* _PROMPT_
Write out, word for word and with no pictures, each line below from the one containing "Black Colorbond fence beside a swimming pool" through the one containing "a large kitchen", both included, and no other line.
(Beginning of INPUT MATERIAL)
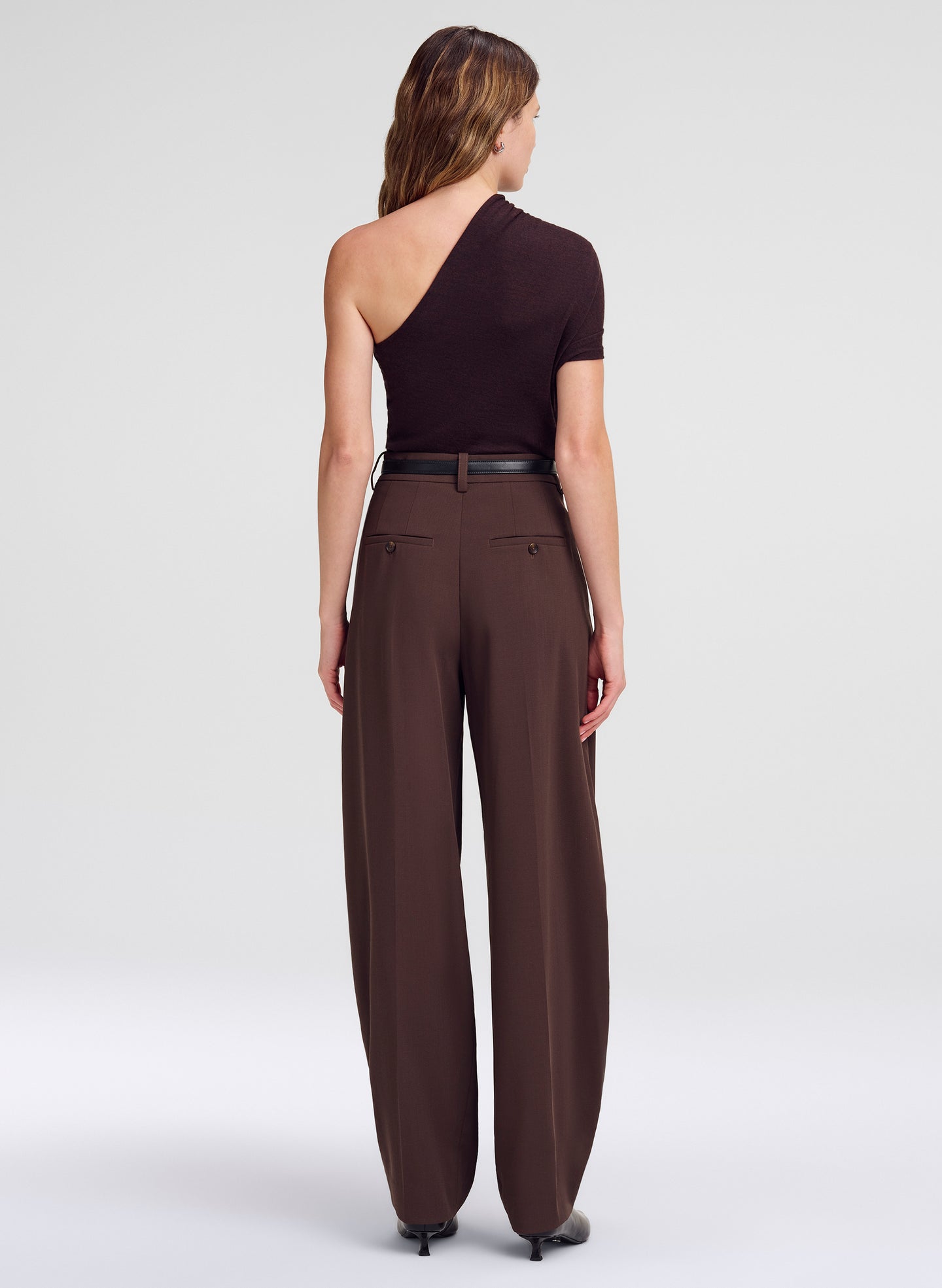 woman in one shoulder top and brown pants
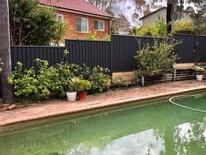 Black Colorbond fence beside a swimming pool
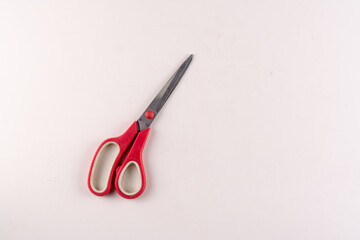 Top view of scissors on isolated white background studio shoot with text area.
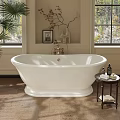 White Freestanding Bathtub With Brass Faucet Beside Window Small Table Palm Plant And Decorative Items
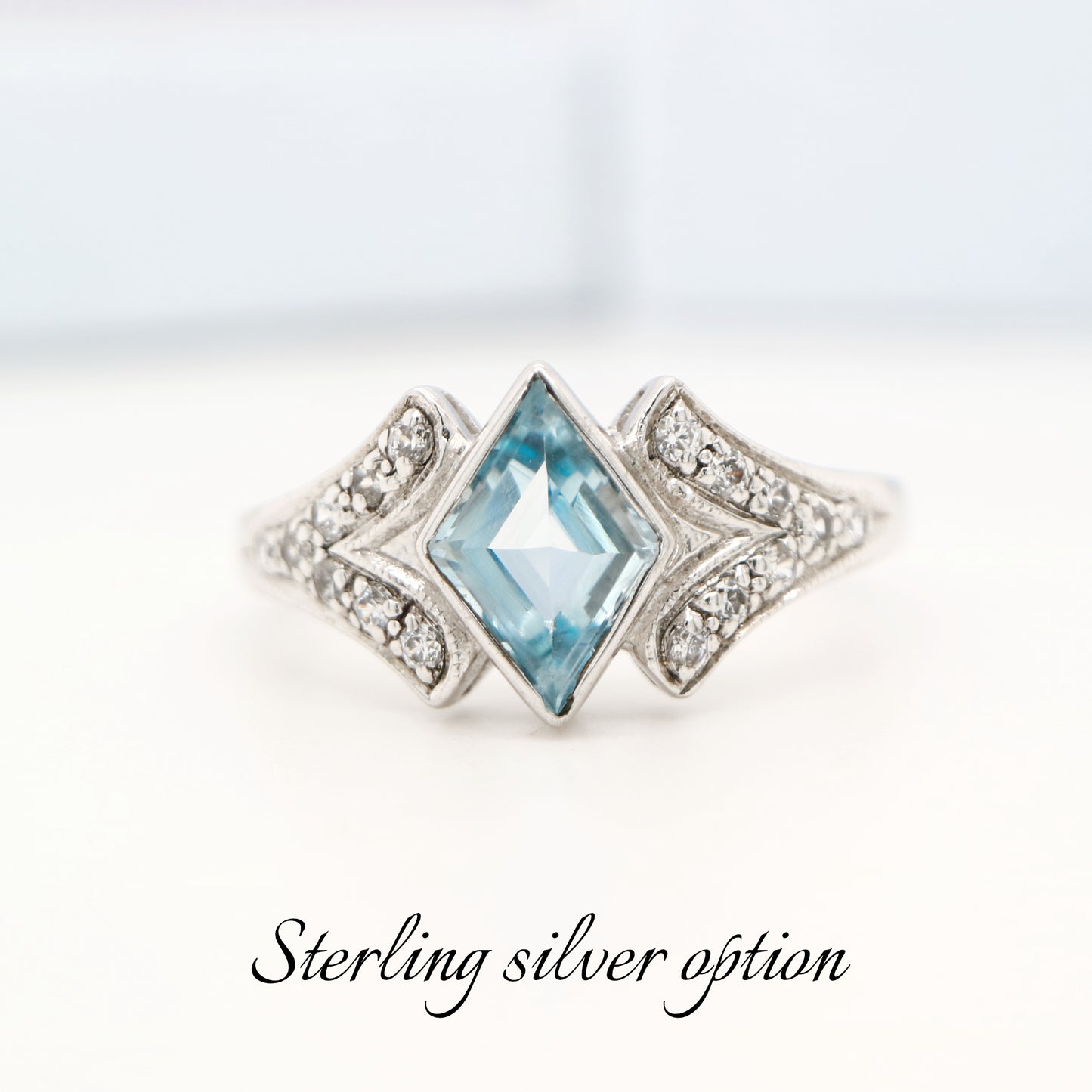 Diamond shape blue topaz with cz in sterling silver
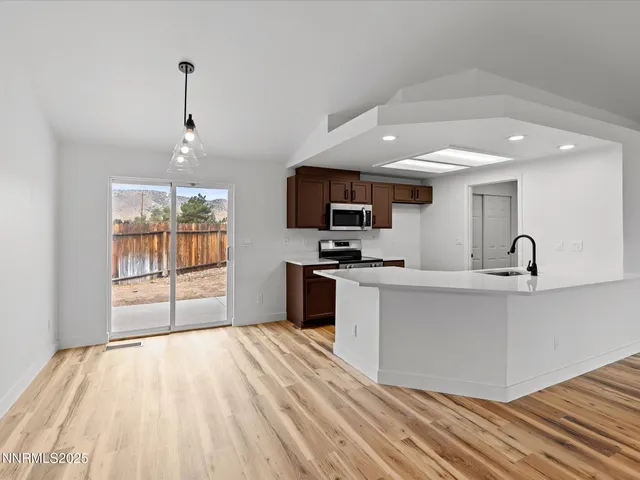 a large kitchen with kitchen island a sink stainless steel appliances and cabinets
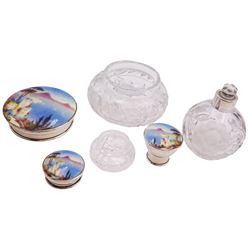 1920's three piece silver mounted cut glass dressing table set, comprising two jars of squat circular form with silver covers, and a globular bottle with silver collar, glass stopper and silver cover, each cover inset with hand painted enamel panels depicting the bay of Naples with Mount Vesuvius in the background, each signed App, hallmarked Daniel Manufacturing Company, Birmingham 1929, largest example H10.5cm smallest H4.5cm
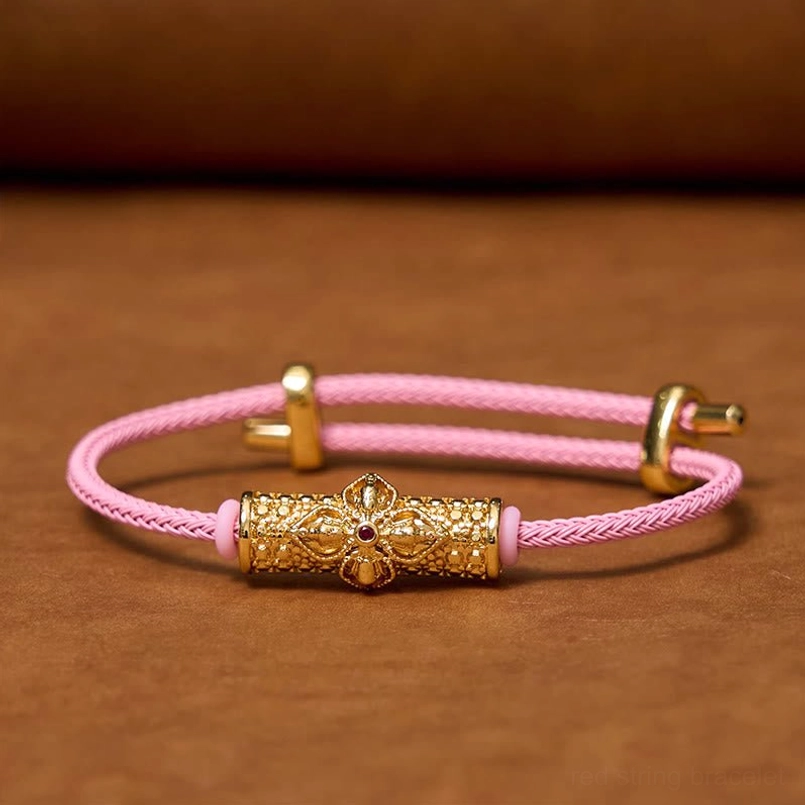 Black string luck bracelet variant showing copper flower charm and adjustable design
(End of INPUT MATERIAL)
* _FINAL ANSWER_
 Black Colorbond fence beside a swimming pool
 Top view of scissors on isolated white background studio shoot with text area.
 White Freestanding Bathtub With Brass Faucet Beside Window Small Table Palm Plant And Decorative Items
 Diamond shape blue topaz with cz in sterling silver
 a large kitchen with kitchen island a sink stainless steel appliances and cabinets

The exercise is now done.